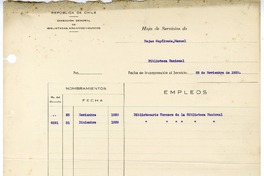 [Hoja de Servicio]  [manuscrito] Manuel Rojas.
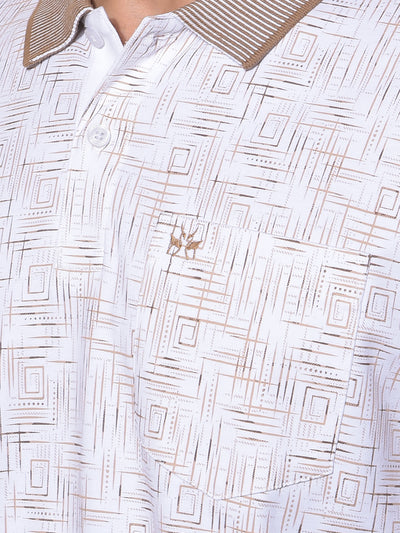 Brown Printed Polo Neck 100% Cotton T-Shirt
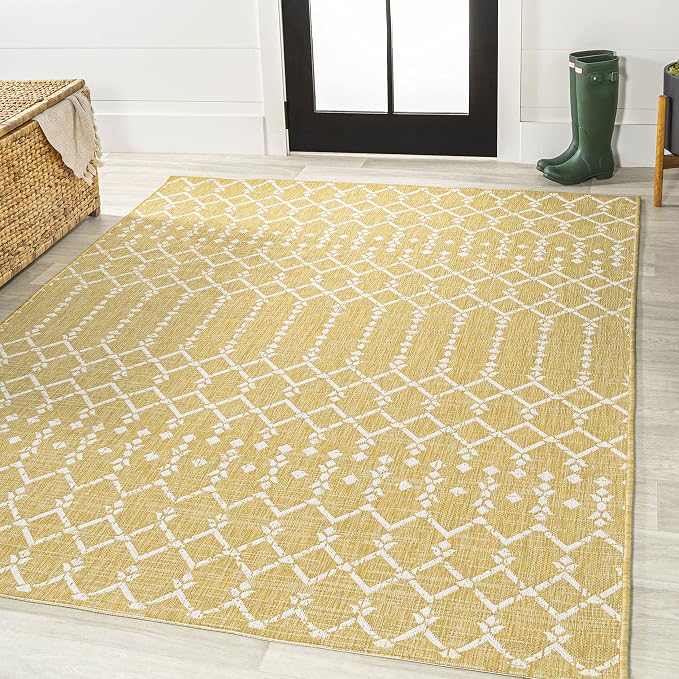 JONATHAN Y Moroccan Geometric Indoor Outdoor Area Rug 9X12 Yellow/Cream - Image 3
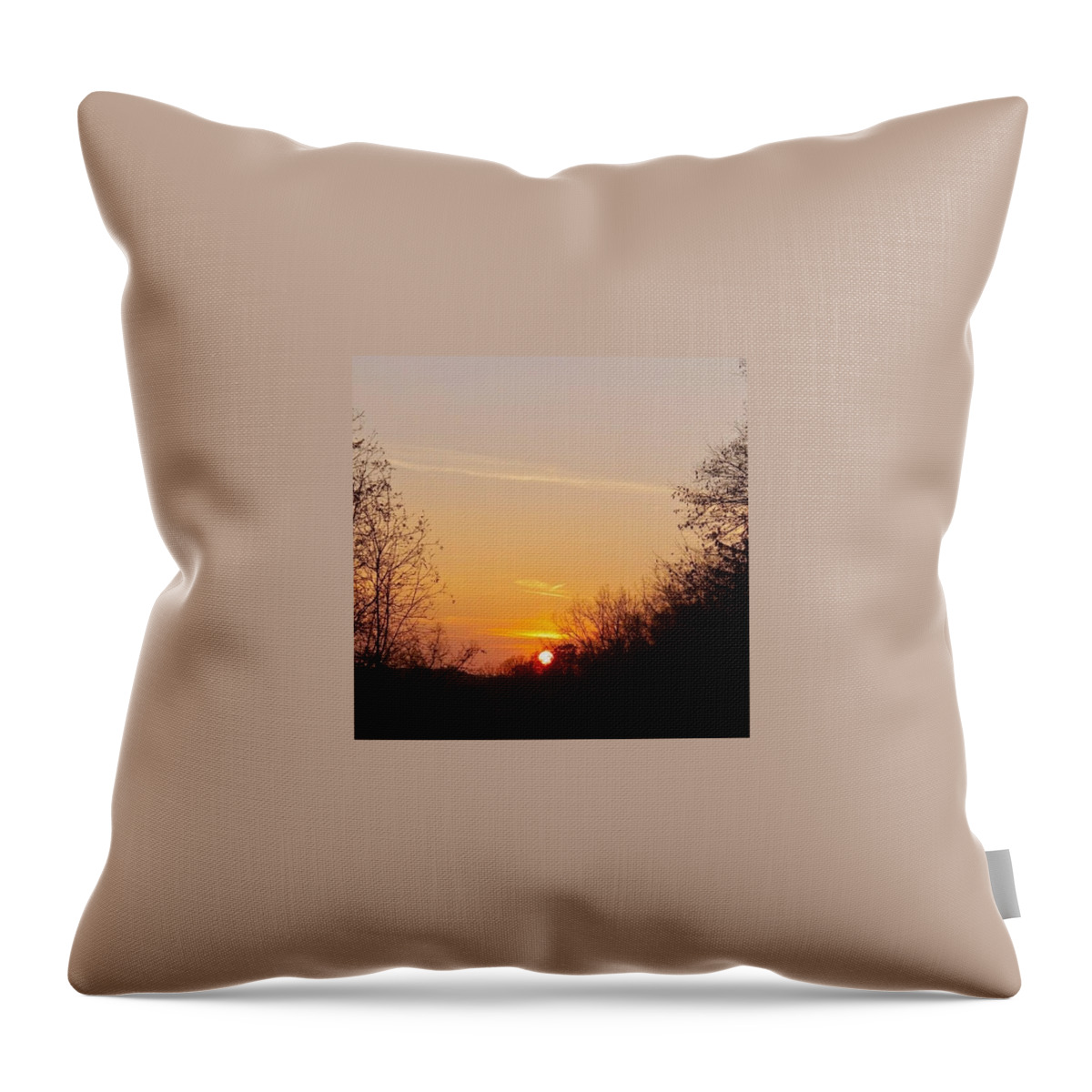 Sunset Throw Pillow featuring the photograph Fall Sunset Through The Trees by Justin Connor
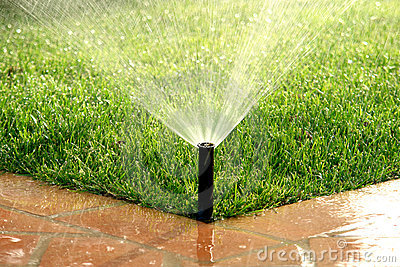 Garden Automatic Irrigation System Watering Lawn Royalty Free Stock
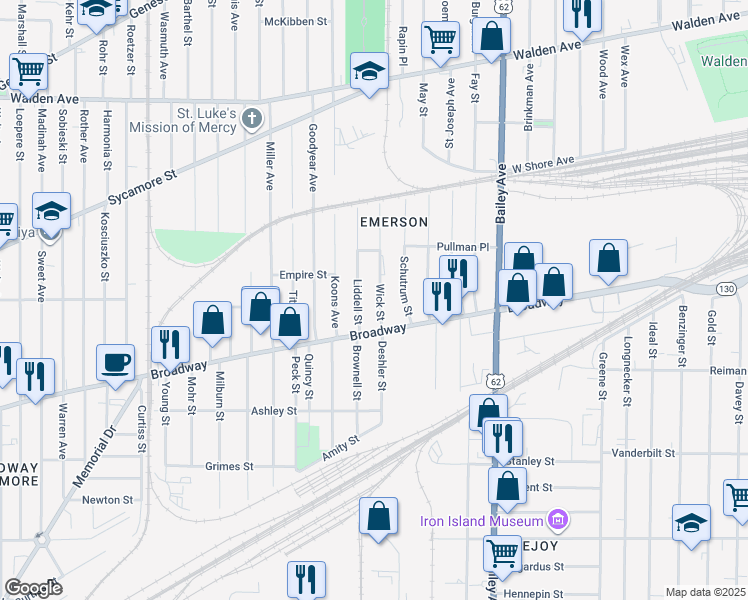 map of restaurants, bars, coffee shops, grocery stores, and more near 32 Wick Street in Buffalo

### THE PROBLEM
Every line above should be transcribed word for word; leave the pictures out.

### EXERCISE OUTPUT
 [Hoja de Servicio]  [manuscrito] Manuel Rojas.
 Brown Printed Polo Neck 100% Cotton T-Shirt
 JONATHAN Y Moroccan Geometric Indoor Outdoor Area Rug 9X12 Yellow/Cream - Image 3
 Sunset Throw Pillow featuring the photograph Fall Sunset Through The Trees by Justin Connor
 Garden Automatic Irrigation System Watering Lawn Royalty Free Stock
 map of restaurants, bars, coffee shops, grocery stores, and more near 32 Wick Street in Buffalo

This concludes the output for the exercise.